Sinn Féin’s support for state repression against dissident Irish Republicans in the North ought to go down well in the Dublin government, which has been committed to repression of Republicans since the foundation of the Irish Republic in 1921-22. Sinn Féin shares Fianna Fail’s commitment to Catholic nationalism, which is viciously anti-woman, anti-Traveller and anti-working-class. Sinn Féin has produced its own plan for economic recovery, promising to cut spending. This is further proof of Sinn Féin’s commitment to serve the bankers and bosses and their capitalist system, which is ruining the lives of the working class.

For proletarian internationalism!

According to Irish economist Morgan Kelly, as many as 100,000 mortgage holders will default on their payments in the coming period. “People are going to extraordinary lengths — not paying other bills and borrowing heavily from their parents — to meet mortgage repayments, both out of fear of losing their homes and to avoid the stigma of admitting that they are broke”, said Kelly (Irish Times, 8 November 2010). He noted that the presence of a permanent team of European Central Bank “observers” in Dublin’s Department of Finance (known collectively as “The Germans”) has led to a nationalist hue and cry over Ireland’s “sovereignty” being surrendered to the EU.

The Irish bailout also brought forth an outpouring of chauvinism in England, not least from right-wing Tory backbenchers. However, the situation was not without its ironies. Noting that “heavily indebted Britain is borrowing another £7bn or so to lend to catastrophically indebted Ireland”, journalist Philip Stephens remarked in the Financial Times (22 November 2010) that Tory opponents of the EU didn’t know whether “to savour the eurozone crisis or to berate David Cameron for contributing to the Irish bail-out”.
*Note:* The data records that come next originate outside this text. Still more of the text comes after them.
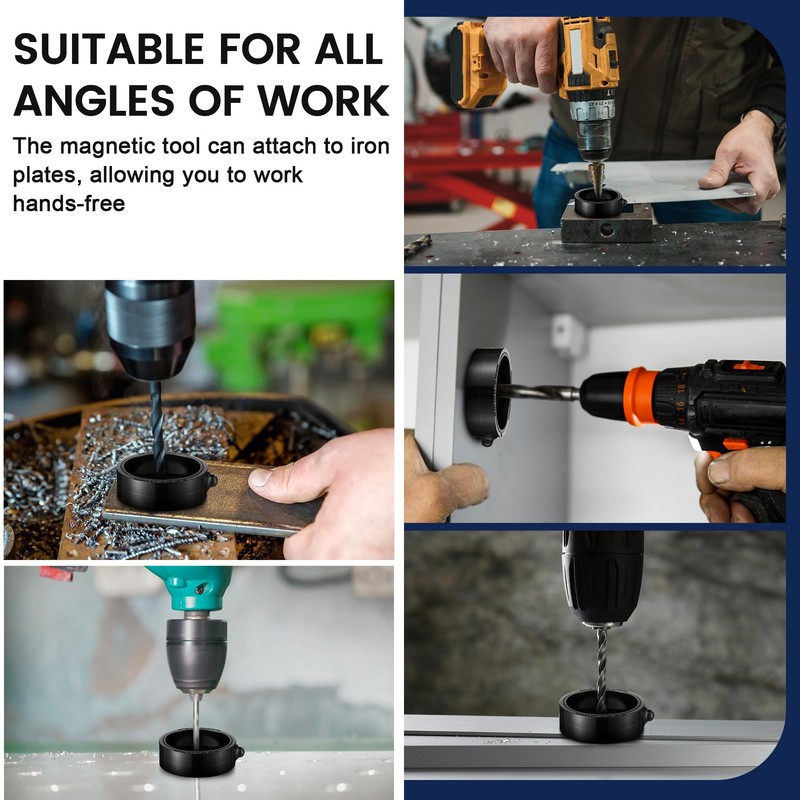 HappyAlley Magnetic Metal Shavings Tool with 18 Magnets, Drill Chip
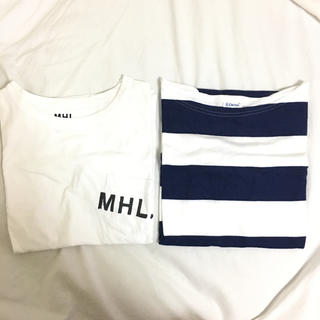 マーガレットハウエル(MARGARET HOWELL)のMHL &orlval ティシャツセット(Tシャツ(半袖/袖なし))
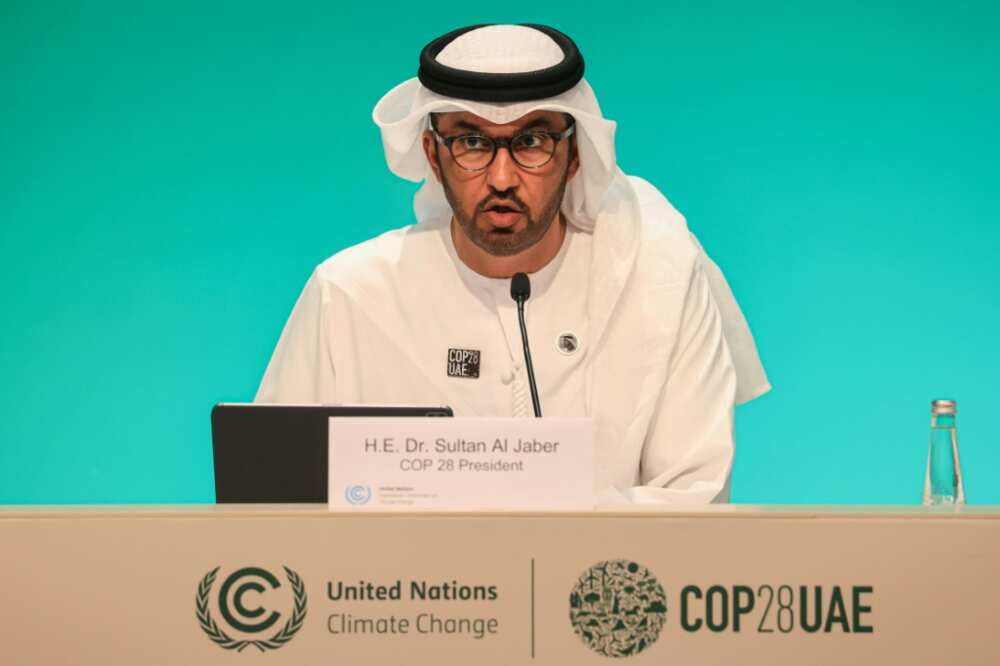 COP28 president Sultan Al Jaber has tasked a group of ministers to find agreement by Tuesday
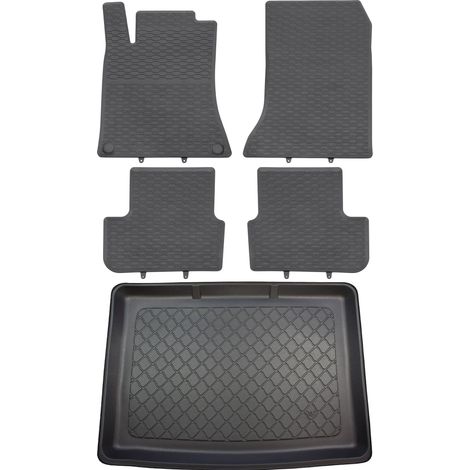 Juego de alfombrillas de goma para coche y alfombrilla para maletero para Mercedes Clase B W246 (de octubre de 2011 a diciembre de 2018).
British prime minister Cameron tried to assuage his backbenchers by claiming that the £7 billion his government made available to Ireland is merely help for “a friend in need”. Not quite: Britain’s capitalist rulers are offering a loan to Ireland which, if accepted, will have to be repaid. This is what the British government is today demanding of Iceland, which received such a loan made when its banking system tanked in 2008 and the economy was thrown into recession. At the time, Britain’s Labour government offered a loan not out of generosity but because Icelandic banks held huge funds belonging to British investors, including local councils. Cameron’s motivation in regard to Ireland is not unconnected to the fact that the British economy is in the doldrums and Britain’s trade with Ireland exceeds that with China, India, Brazil and Russia put together.

The working class must understand that the capitalist system itself can and must be overthrown by workers revolution. A revolutionary leadership would fight for a series of transitional demands linking the struggle against the current attacks on the working class and the poor to an understanding of the need for proletarian socialist revolution. Faced with mass unemployment, a class-struggle leadership in the unions would demand sharing the work among all workers, with no loss in pay. Against job insecurity, it is necessary to eliminate the differences between workers on temporary and permanent contracts, requiring a fight to organise the unorganised. In the interests of women, who are especially oppressed in the Irish clericalist capitalist state, we call for free abortion on demand and for free, quality, 24-hour childcare. Against the divide-and-rule racism of the bourgeois state, we demand full citizenship rights for all immigrants!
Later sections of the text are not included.